他の種類の情報はばらけてしまっていたこともあり、他のプレイヤーは手探り的な意味もあり、色々な捜査方法を試してました。
これは全員が初プレイということもあったのかもしれませんが、全プレイヤーで最適解を探しているような感じでした。例えば、プレイヤーの特殊能力を使うタイミングについて助言し合ったり残った時間をどの捜査に使えば効率的かを話したり、捜査する時にも指定する種類や人を相談したりしてました。
一度見たカードの内容と行方を全て覚えていれば別ですが、カードは2枚ずつあるので、2枚同時にゲーム中に存在していることを確認できないと、真相ではないと断言することはできません。
なので、このラウンドはこの種類のカードを集める!と決めて集めるようにしてました。
が、捜査の種類によって、手札からだったり捨て札(基本的に情報は確認後に捨て札になり、ラウンド開始時に自分の前に置かれた捨て札がそのラウンドの手札になる)だったり指定されているので、自分の手番時の他プレイヤーの手札、捨て札の状況によって効果的な捜査方法は異なります。
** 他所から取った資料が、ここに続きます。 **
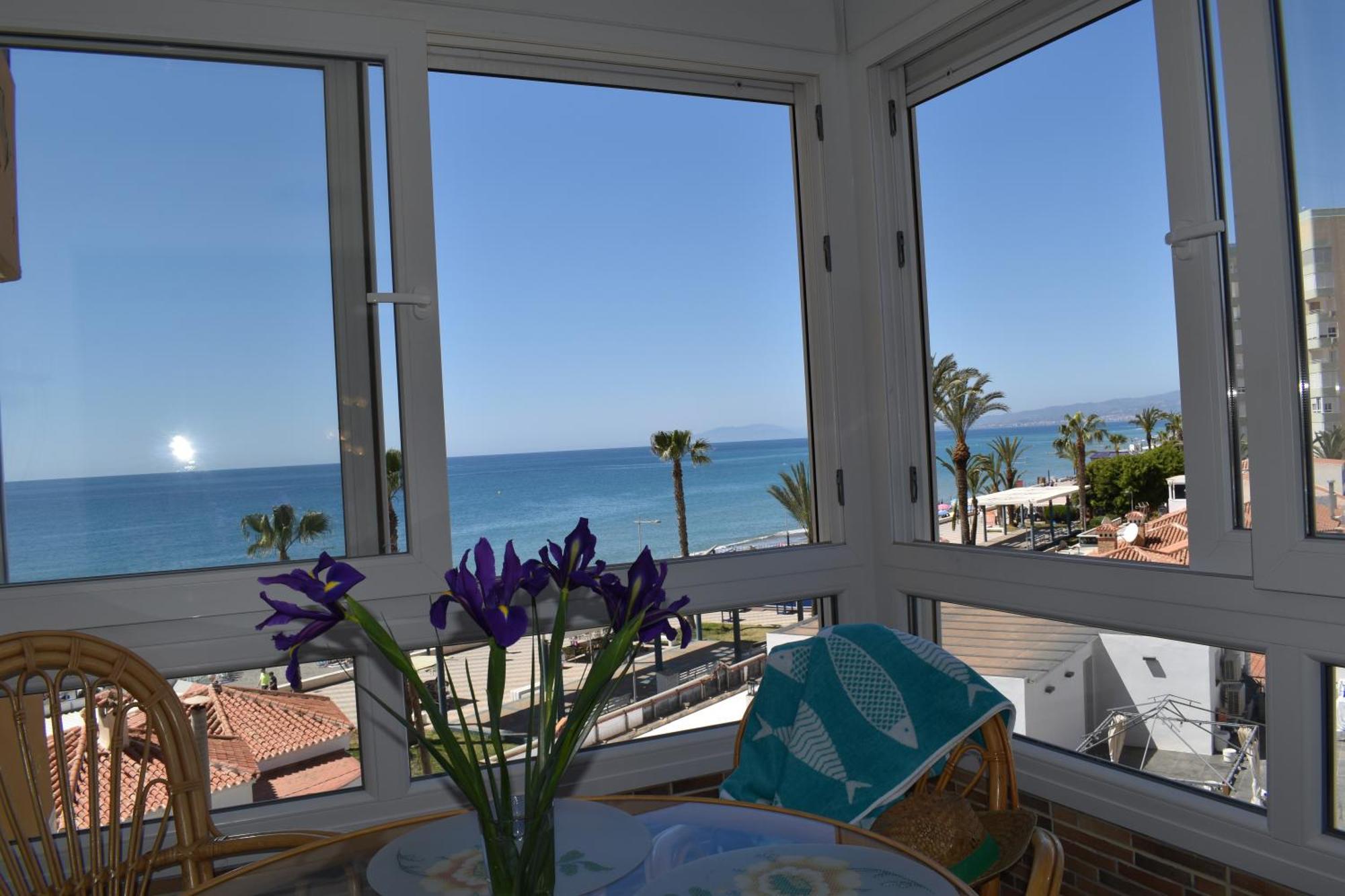 Fantastic Studio - Beachfront Apartment Torrox Bagian luar foto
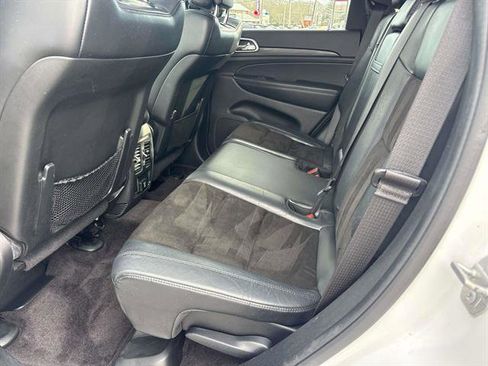 Certified 2019 Jeep Grand Cherokee Altitude image 9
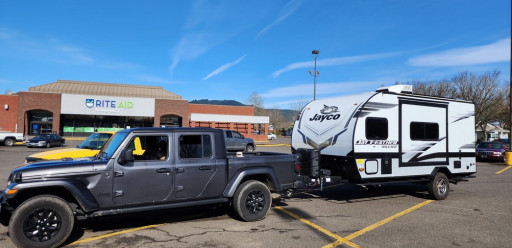 What Is the Towing Capacity of a Jeep Gladiator? Limits, Verification, and Real-World Suitability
犯行時間は他の情報と違い、ゲーム中に3回、見せ方は3回とも異なりますが、「見ている間はメモ禁止」「見れる時間は数秒」ということは共通しています。
これが短期記憶が死んでる身としてはきついです。
ルール説明した段階では、1回の機会に4パターンずつ程度潰していけば楽勝だと思っていたのですが、最初に候補を確認しておかなかったというポカをしていたことに加え、僕は画像で記憶するタイプではなく、言葉で記憶するタイプなので、カードに描かれたアナログ時計の絵を見て、えーっと、これは6時45分??とやっていたので、とても覚えられるわけもなく、最初の機会はほぼ無駄にしてしまいました。
1つの種類に特化するように情報を集めていたせいか、容疑者はほぼ確定しましたが、凶器については中盤を過ぎても1枚も見たことすらない情報だらけです。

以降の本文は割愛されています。